Material shown START

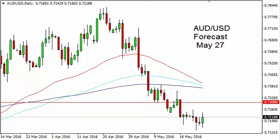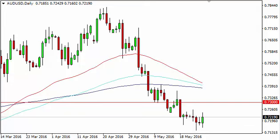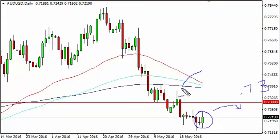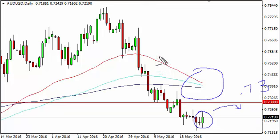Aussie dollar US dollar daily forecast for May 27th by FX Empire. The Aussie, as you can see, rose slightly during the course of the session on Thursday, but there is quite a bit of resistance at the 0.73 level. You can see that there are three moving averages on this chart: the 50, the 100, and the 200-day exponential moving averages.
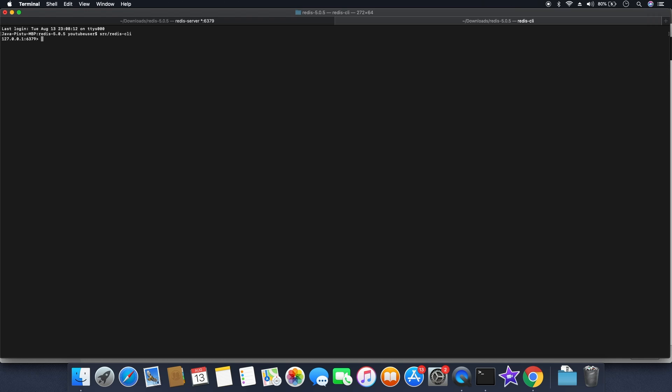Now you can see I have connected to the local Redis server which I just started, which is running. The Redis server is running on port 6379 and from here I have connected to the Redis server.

Material shown END
Material shown START

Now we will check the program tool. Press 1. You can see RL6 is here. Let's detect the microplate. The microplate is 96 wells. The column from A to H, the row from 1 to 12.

Material shown END

• **What you need to do**
Would you write out exactly the lines above, starting at the line containing "Aussie dollar US" and stopping after the line containing "Now you can"? Omit the pictures.

• **Solution to this task**
Aussie dollar US dollar daily forecast for May 27th by FX Empire. The Aussie, as you can see, rose slightly during the course of the session on Thursday, but there is quite a bit of resistance at the 0.73 level. You can see that there are three moving averages on this chart: the 50, the 100, and the 200-day exponential moving averages.
Now you can see I have connected to the local Redis server which I just started, which is running. The Redis server is running on port 6379 and from here I have connected to the Redis server.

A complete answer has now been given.